It’s only when our sense of self is materially instead of spiritually based that man can seem to be anything less than beautiful and perfect. Mary Baker Eddy, Discoverer of Christian Science and founder of the Monitor, writes, “Beauty, as well as truth, is eternal; but the beauty of material things passes away, fading and fleeting as mortal belief” (“Science and Health with Key to the Scriptures,” p. 247). When we focus less on physical attributes and instead let Christ – God’s message to human consciousness, which conveys the truth of our spiritual nature – fill our thought, we find ourselves naturally expressing beautiful, God-derived qualities, such as joy, love, patience, and compassion, and seeing those qualities naturally expressed in others.
“The recipe for beauty is to have less illusion and more Soul, to retreat from the belief of pain or pleasure in the body into the unchanging calm and glorious freedom of spiritual harmony,” we read in “Science and Health” (pp. 247-248). I first caught a glimpse of just how true this is at an overnight camp I attended for a few years when I was growing up.
That particular summer, I’d gotten into a habit of making mental observations about other girls’ beauty, based on a rather superficial set of criteria. At the same time, I’d been giving inordinate thought to what I considered my own physical “faults.”
But as I studied Mrs. Eddy’s statement about the recipe for beauty, which my cabin counselor encouraged all her campers to memorize, I began to realize how off base my whole approach was. I knew that in reality everyone’s true identity is spiritual; but I realized that I had let the common conception that we are not created by God, but instead defined by matter, cloud my perception of myself and those around me. Physical appearance has nothing to do with our actual identity as God’s idea, and dwelling on it was actually hindering me from seeing others in their true spiritual light.
The more I contemplated the nature of God and man as His reflection, the better I understood that true beauty is inherent in all of us and is not defined by matter. Increasingly, I saw beautiful qualities of God – kindness, humility, honesty, purity, tenderness – being expressed by those around me. The ugly qualities of superficiality and judgment fell away from how I viewed others and myself. An added bonus was a heightened sense of confidence and genuineness in my interactions with peers.

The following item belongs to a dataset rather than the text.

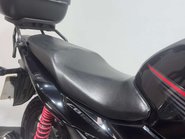 Honda CB GLR 125 2019 ONLY 10K NEW MOTSERVICED 125CC LEARNER BIKE CBF125 44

Acknowledging the spirituality and eternality of true beauty helps us to look past limiting physical conceptions of attractiveness. We can all strive to live in accord with the truth of our native beauty. We can choose to act in a Christlike way; to express unselfishness, gracefulness, and purity; to see those around us as the holy reflection of God. Then, we are seeing and demonstrating the loveliness that is inherent in all of us.